The circular requests all credit institutions to fill in a concise questionnaire providing details about the lease arrangements they have. Essentially, the credit institutions have to:
Identify all lease arrangements that fall within the scope of IFRS 16 and where the asset is itself in the scope of IAS 16 Property, Plant and Equipment.
This could be challenging when identifying leases embedded in service and concession arrangements or when determining whether the bank acts as a lessee and lessor or only as an intermediary when it comes to staff company car leases. Another common difficulty we have observed is whether a contract qualifies as a lease under IFRS 16 or whether another standard should be applied, especially when it comes to IT equipment.
Decide on the transition method to be applied by the bank.
There are three possible methods: full retrospective, and modified retrospective approaches one and two. In the full retrospective method, the Right of Use (RoU) asset and lease liability are calculated as if the standard had always been in effect.
Under modified retrospective approach one, the RoU asset of operating leases is calculated similarly to the retrospective method; however, the lease liability comprises only the remaining lease payments at the transition date. These two approaches will affect the equity as of the transition date.
Under modified retrospective approach two, the lease liability of operating leases is based on the remaining lease payments as of the transition date (similarly to approach one) and the RoU asset is stated at the value of lease liability. This approach will not affect equity as of the transition date. The choice of transition method will also affect the future profitability as each method leads to a different amount of RoU asset and lease liability at the transition date, which in turn leads to a different future depreciation and interest expense. Therefore it is encouraged to duly consider the impacts of the three methods and consider performing a sensitivity analysis before selecting any of them.
Calculate the RoU asset amount for all tangible asset leases previously classified as operating leases under IAS 17.
This already requires the banks to come up with an appropriate discount rate, concluded by looking at the different options embedded in the lease arrangements such as options to renew, terminate, purchase, etc. At this stage, the banks should also indicate whether they will apply any of the practical expedients offered by the standard: short-term leases, leases of low-value items, and leases with a remaining lease term of fewer than 12 months at the transition date.
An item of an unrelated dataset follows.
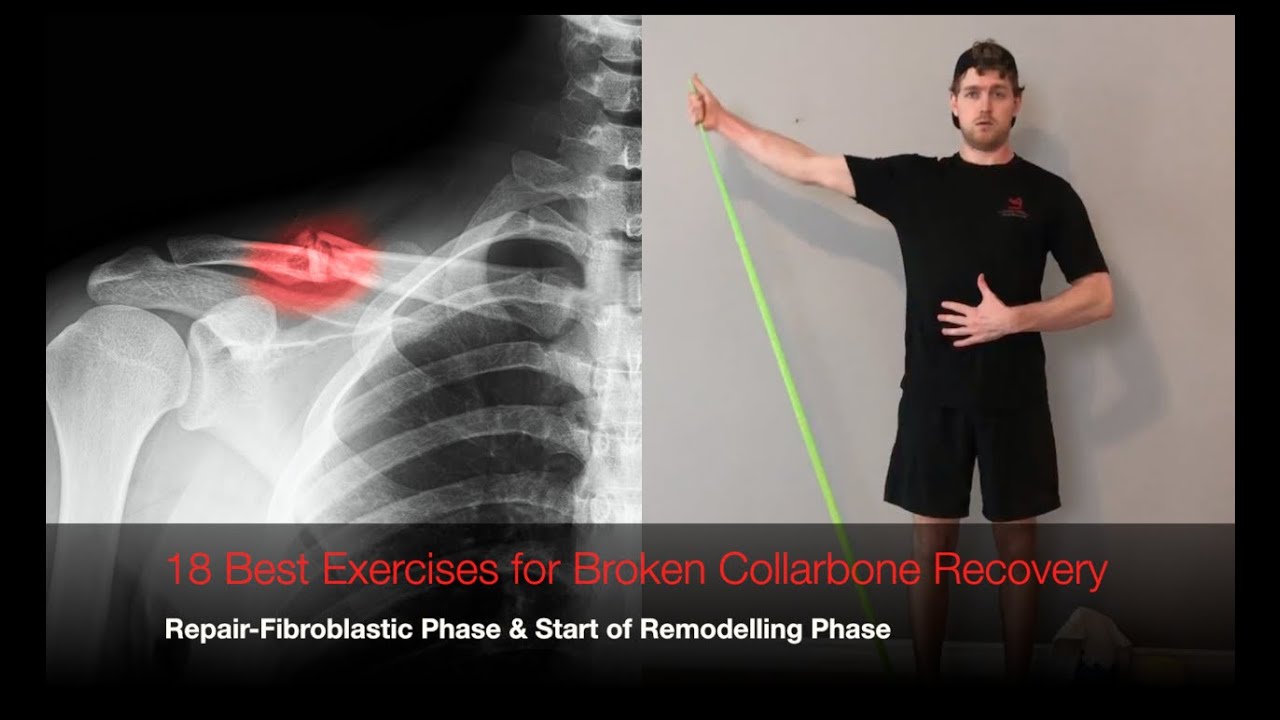 18 Best Exercises for Broken Collarbone Recovery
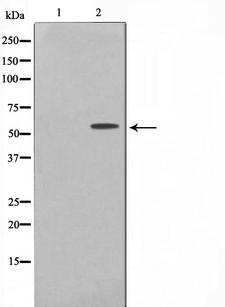 SYN / FYN Antibody - Western blot analysis of Fyn phosphorylation expression in H2O2 treated 293 whole cells lysates. The lane on the left is treated with the antigen-specific peptide.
All these elements may require significant judgment and will affect the amount of RoU asset and lease liability.
Present property, plant, and equipment movements during the first quarter of 2019 including movements of RoU assets.
This means the banks should already apply depreciation and impairment requirements to RoU assets recognized at the transition date and during the first quarter.
The cherry on the top of all this is that the deadline to transmit this data is 30 April 2019, giving banks not even three weeks to tackle all the above-mentioned items!